As mentioned above, AirPlay is a composition of various protocols. We can break it down by different functions as follows:

  • Discovery Service

    This service exposes the AirPlay service stack to compatible sender devices within the local network by leveraging multicast DNS (mDNS) protocol. Apple created their own implementation named Bonjour which completely conforms to the standard mDNS protocol.

  • AirPlay Service (HTTP+RTSP)

    This is the primary service to be implemented for AirPlay servers/receivers. This service consists of two protocols: RTSP and HTTP. This service serves for all the requests from senders such as screen mirroring, media cast and photo display. It prepares resources for senders and dispatches different request to corresponding services. No matter what function the senders requests they must establish a session with the AirPlay Service first as the pairing verify process needs to be performed in this session.

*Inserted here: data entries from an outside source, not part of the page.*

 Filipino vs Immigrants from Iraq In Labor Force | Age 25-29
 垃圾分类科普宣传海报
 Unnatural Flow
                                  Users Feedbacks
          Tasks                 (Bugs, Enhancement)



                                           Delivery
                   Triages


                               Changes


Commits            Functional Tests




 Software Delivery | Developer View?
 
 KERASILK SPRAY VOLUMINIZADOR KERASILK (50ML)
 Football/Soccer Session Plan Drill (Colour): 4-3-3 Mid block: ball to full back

    Do not try to implement RTSP and HTTP servers separately, that will make things much more complicated. Just treat HTTP and RTSP as a new protocol (for example XTXP) and create one TCP server to serve both HTTP and RTSP requests simultaneously. We call the new kind of service which serves both RTSP and HTTP requests AirPlay Service. From now on the term AirPlay Service in the following documents only represents the TCP service which serves both HTTP and RTSP requests.

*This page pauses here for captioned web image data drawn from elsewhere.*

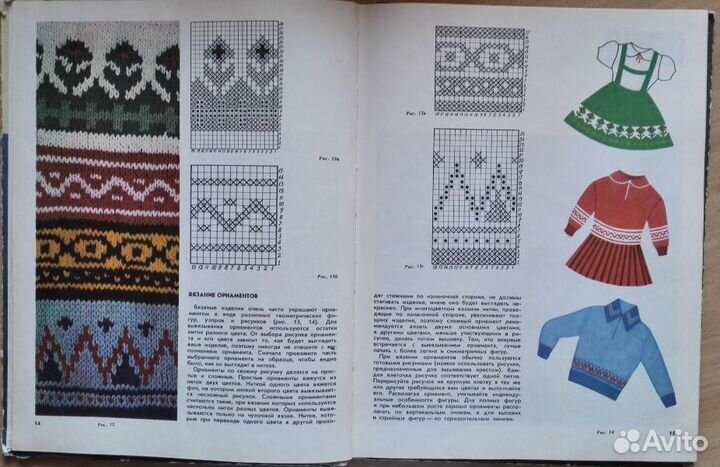 Как Научиться Вязать Вяжите Сами Узоры Вязания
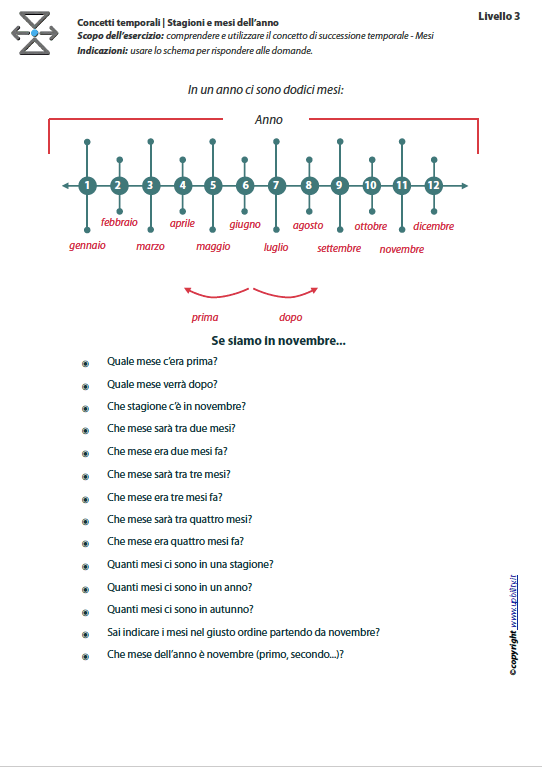 ORIENTAMENTO TEMPORALE | Le stagioni e i mesi dell’anno - Upbility IT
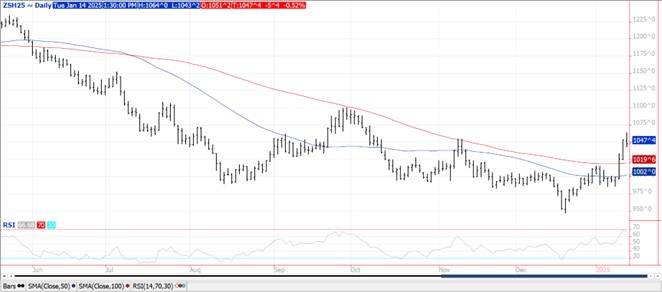 QST soybeans chart on 1.14.225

  • Screen Mirroring Service

    Screen mirroring might be the most popular function of AirPlay stack. This service component consists of video and audio streaming sessions with RTP protocol. The video streaming session uses RTP over TCP while the audio streaming session uses RTP over UDP. Of cause, all streaming payload data is encrypted with AES.

  • Media Cast Service (or Media Streaming Service)

    Media cast service enables the senders to cast the location information (usually URL) of a media data which resides on the internet servers like Youtube, Netflix or some other third-party media content providers to the AirPlay servers/receivers. Once the AirPlay receiver receives the request it starts to play the media data from the original location and the senders could use the sender APP to control the playback of the media (position, rate, volume, etc.). This service is quite complicated it involves RTSP, HTTP, reversing connection, HLS (cascaded M3U8) and other undiscovered techniques.

  • Photo Service (No discuss in this document)

    Display photos on the AirPlay servers/receivers or cache them for future use.


Overall Architecture of AirPlay Stack

Now let's give a summarize on the AirPlay server components and their responsibilities. The AirPlay server needs to implement at least 4 components to serve the senders.

  1. The Discovery Service exposes the AirPlay service to senders.
  2. The AirPlay Service handles the requests from senders, verifies the senders and dispatch the senders to the required function services.
  3. The screen mirroring service serves as a client which consuming RTP video/audio streaming from senders.
  4. The media cast service receives the media locations from senders and play them from the server side.